The design of games has evolved a lot over the last few centuries, from structured play for children to interactive games made to engage adult players through sophisticated storytelling. The following stories trace modern gaming from toy building blocks and playgrounds through card and board games, cardboard playhouses and online play spaces.
Building Blocks: When Freidrich Froebel created the first Kindergarten in the early 1800s, one key to his new educational enterprise was a deceptively simple set of toys. These were no ordinary playthings, however — “games” played were based on lesson plans, designed to teach kids about how the building blocks of reality itself fit together and come apart. At a time when many children played with the leftover wood, wax and fabric scraps cobbled together into crude toys, Froebel began to design toys with a purpose. The legacy of these designs would shape the evolution of building blocks and playgrounds, but they would also more introduce a level of intentionality to the playing field.
Playing Cards: In the late 1800s, Fusajiro Yamauchi founded Nintendo Koppai, a gaming company that would eventually produce some of the world’s most popular and influential video game consoles. At the time, though, his venture was not an innovative technology endeavor. Instead, it tapped into a low-tech tradition of making and selling hand-crafted “flower cards.” Decks of these subversive cards were originally created to get around a strict and sweeping policy of Japanese isolationism, put in place to keep Western influence at bay.
Talking Boards: During and after the Civil War, people who had lost loved ones became enchanted with the idea of communicating with the dead. They came up with all different ways to contact the spirit world, including “talking boards.” Out of this era emerged the Ouija board, its name supposedly the result of asking the board itself what it wished to be called. From the late 1800s through the 1960s, the Ouija board was considered a source good and clean family fun. Then along came The Exorcist, a film in which the main character becomes possessed by the devil after playing with a Ouija board by herself.
Board Games: The Landlord’s Game, which preceded Monopoly, was designed to illustrate the benefits of Single Tax theory as proposed by Henry George. The game’s creator, Lizzy Magie, patented it in 1904 and included two sets of rules. In one rule set, ruthless monopolists attempted to crush one another. In the other set, building up properties benefited everyone on the board. The goal was to illustrate the benefits of a more egalitarian economic system. Of course, most players are only familiar with one set of rules — one side of the story.
Arcade Games: After more than 80 years of illegitimacy, the City of Oakland officially legalized pinball machines in 2014. Like playing cards, early versions of these ubiquitous gaming devices were widely used for gambling, in part due to their initially skill-free design. In the early 1900s, more and more laws were enacted to make pinball gambling harder. Manufacturers would try to circumvent these laws with labels that said “FOR AMUSEMENT ONLY: no prizes no wagering.”
Cardboard Playspaces: Cardboard revolutionized the packaging industry.

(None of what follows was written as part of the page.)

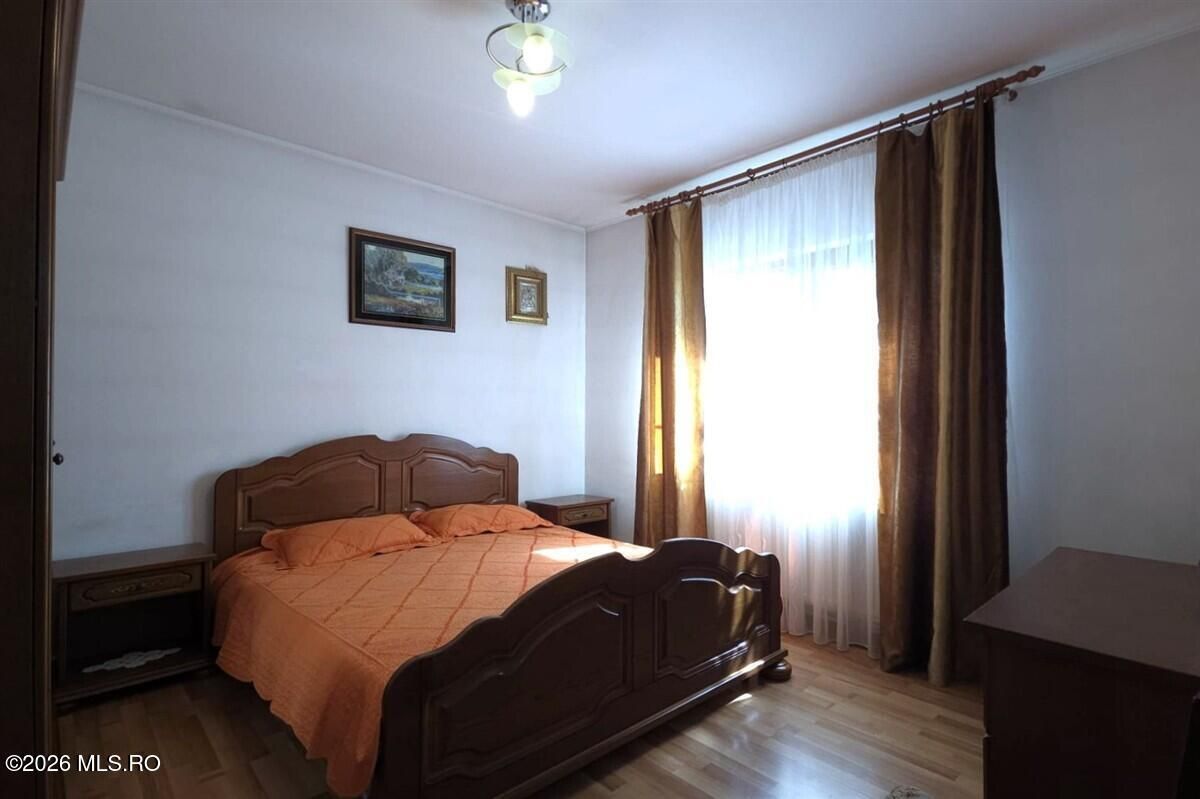 Castelu - Str. Florilor, casa din 2012, teren 737 mp si 106 mp utili - Poză 15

This new material allowed for the construction and distribution of cheap, light, flat-pack boxes that could be assembled and shipped on demand, enabling companies to bring distribution in-house. In parallel, though, cardboard had a less obvious but powerful and lasting impact on the realm of creative childhood construction. One pair of famous mid-century designers in particular recognized the play value of cardboard boxes and sought to capitalize on it.
Card Games: From Dungeons & Dragons to World of Warcraft, the incorporation of elaborate stories has become a key element of many modern games. Magic: The Gathering, for instance, has a deep mythology about an infinite number of parallel worlds. Eric Molinsky of Imaginary Worlds examines how this particular handheld card game has survived the onslaught of competition from digital games and how its designers continue to create a sense of story and engage in world-building within a non-sequential card game.
Online Games: A few months before the end of a world, players began saying their goodbyes. The massive multiplayer Sims Online, one of the most popular computer games ever made, was going to go dark. When EA Games pulled the plug on its servers, bits and pieces of the world started disappearing. The environment began to disintegrate. The texture on the trees flickered. All the people froze and blinked out of existence. The last thing they saw was a blue pop up window: “Network Error — Lost server connection.”
Universal Gaming: Even in an era of online, augmented and virtual reality gaming, escape rooms are on the rise and physical toys persist. Over time, early wood building blocks gave way to modular Lincoln Logs, interconnected Tinker Toys and plastic LEGO bricks that snap together, each representing a flexible world of creative potential. Each of these, though, was also largely independent of the others, at least until the advent of the Free Universal Construction Kit, a nifty system which quite literally ties them all together. For fans of toys or toy history, this system offers a chance not just to tie different toys together but also to educate kids about more intangible connections between past and present modes of play, linking old and new.